Kuata is a founding member of Tupiq ACT (Arctic Circus Troupe), a crew of circus performers that was born from Cirqiniq, a Nunavik social circus program, which planted the seeds for youth to become accomplished performing artists.
“Cirqiniq is a summer camp that brings Inuit youth together,” he said. “Every time we did circus, every time we performed and trained, every time we learn new things in circus, we always crave more.” But it was very hard for them to progress because they didn’t have coaches available in the North, nor the equipment or knowledge necessary.
Each year the participants would joke about how amazing it would be if they could create their own circus troupe, and about two years ago former Makivvik Socio-Economic Development Officer, Nathan Cohen-Fournier, dropped in to observe the summer camp and suggested the corporation could aid in its development.
“A bunch of us that were junior instructors, we just kind of looked at each other like, ‘Yeah, we want to do this,’” Kuata said. Cohen-Fournier recalls that meeting and that he told the group there could be possibilities to assist them in launching.
“For us, it was about providing a step further and giving young Nunavimmiut artists the opportunity to fulfil their collective potential, to unleash their creativity, and give it a shot for the first Nunavik circus troupe.”
It worked. The troupe performed their first show in the North, in Inukjuak, mid-March.
“It was pretty swell,” Kuata said. He is the secretary-treasurer of the group and explained they applied for a grant and started making the show back in November. They brought five of their artists together just to dedicate themselves to creating a performance that they could continue to sell for weeks and maybe years to come and they did it.
“Our long show has many circus disciplines in it, with many Inuit stories being told. It felt very nice because when we finished creating that show in Inukjuak, and the day we started performing it, we had light effects, sounds, and costumes. We were really able to go full out.”
The troupe tries to represent Inuit culture and identity by using circus techniques to tell myths and legends on stage from traditional oral stories.
“When we’re on stage we speak only Inuktitut,” he said. “We just kind of tell an Inuit story on stage or take characters from these stories and kind of create an actual character — a character that has feelings, or motives.
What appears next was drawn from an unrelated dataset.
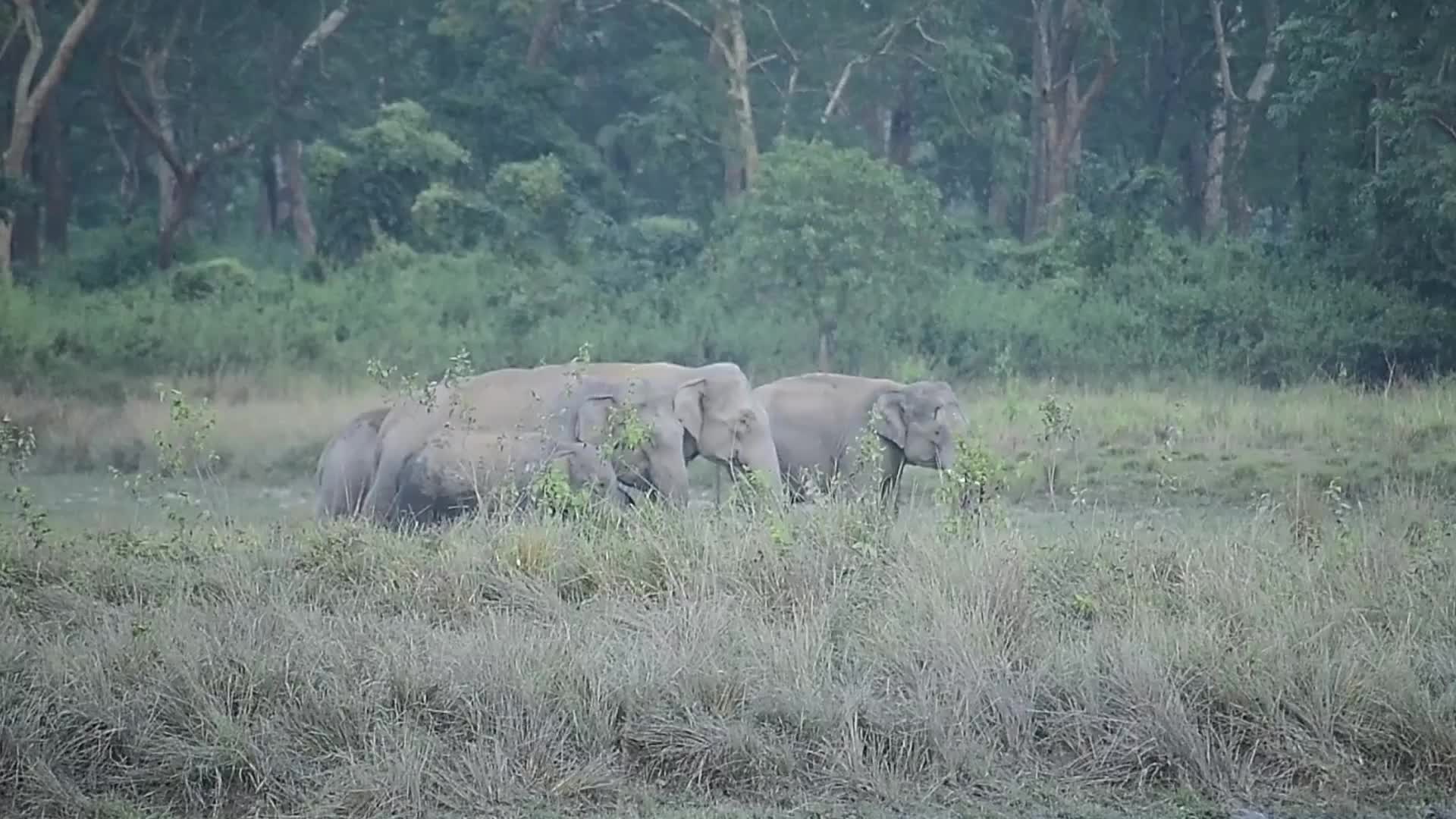 Human-animal conflict in India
Or we just expand the idea of who these people were, or what these creatures were, or what these myths were.”
Having circus as an outlet has had a positive effect on Kuata.
“Emotionally, where I am, it’s a very good place,” he said. “When I perform on stage and train in circus, I’m very free.” In the past, he admitted, he was unsure of himself, but circus training has shown him what he is able to accomplish. “It’s very surprising to myself when I look back now, and it’s like, ‘Wow, this is amazing.’ I work with the best people. I’ve made great friends and memories along the way and I can look in the mirror and be happy.”
However, the group does face some challenges. People’s availabilities vary. They may have school, work, or just be busy with life. Also, the troupe members are geographically separated. Some are in communities in Nunavik and some are living in Montreal but, Kuata said, it miraculously still works.
“If we have a gig here in Montreal, then I’ll make myself available because circus is the only thing I do. Then I call my colleagues, ‘Hey are you available on this date?’ and we train together and try to create something for this gig.”
Once travel and group projects can return to normal, Tupiq ACT has plans to continue creating performances to showcase in Nunavik, Nunavut, and throughout the Circumpolar world. Cohen-Fournier doesn’t doubt that the future is bright for the troupe.
“So far, they have done incredibly well. It’s a long journey, full of ups and downs but they are passionate, and they are having fun at the same time.”
Kuata said he also hopes the troupe can continue collaborate on new shows and bring them to an Inuit audience in the South.
“I really enjoy working with my gang and I believe we can do it, for sure.”